Travellers' Checks | When General Tom Thumb wowed Hong Kong crowds with his little-person performance
- Plus, HK Express to launch a direct route to Japan’s Miyako Islands in July, and Lonely Planet’s somewhat uninspiring anthology of travel writing
Among the passengers listed by The Hong Kong Daily Press as arriving here from Shanghai on December 20, 1869, were “General Tom Thumb and wife, Miss Minnie Warren [and] Commodore Nutt”. The next day, a notice appeared on the front page of the same paper, announcing that for five days only, “Four of the Smallest Human Beings in the World. Perfect Ladies and Gentlemen in Miniature” would be performing their stage act at the newly opened City Hall.
This was an early stop on what was probably the first ever round-the-world tour by an international celebrity – namely General Tom Thumb, aka Charles Stratton, aged 31 and at the height of his fame.
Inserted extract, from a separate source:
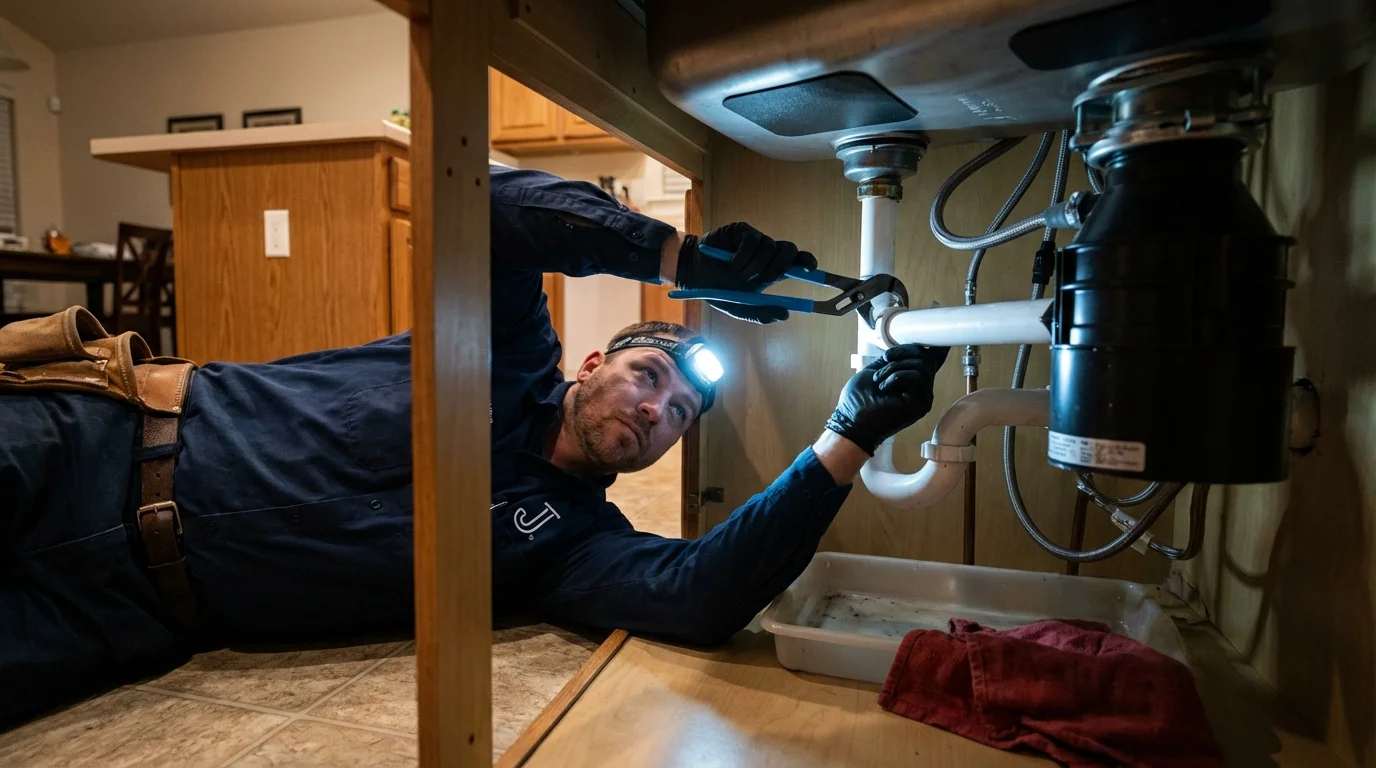 P-trap and supply line connections under a kitchen sink showing a common leak point in Taft, TX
Perhaps unaware that Stratton had twice been invited to visit Queen Victoria at Buckingham Palace, The China Mail reported the group’s invitation to Government House with thinly veiled sarcasm. “We are not aware that there is anything in the world of Hongkong that is at present more deserving of notice,” ran the paper’s opening editorial on December 22. “It is the most remarkable event since the Prince [Alfred, Duke of Edinburgh] has departed, and His Excellency [Sir Richard Graves MacDonnell] has no doubt been delighted at finding himself equally ‘at home’ with a Prince as with a quartette of Dwarfs.”
The Daily Press described the show as “one of the most pleasing that has ever come before the public in Hongkong,” and after several sell-out performances, and a weekend break in Macau, the group sailed away to similar acclaim in Singapore and Penang.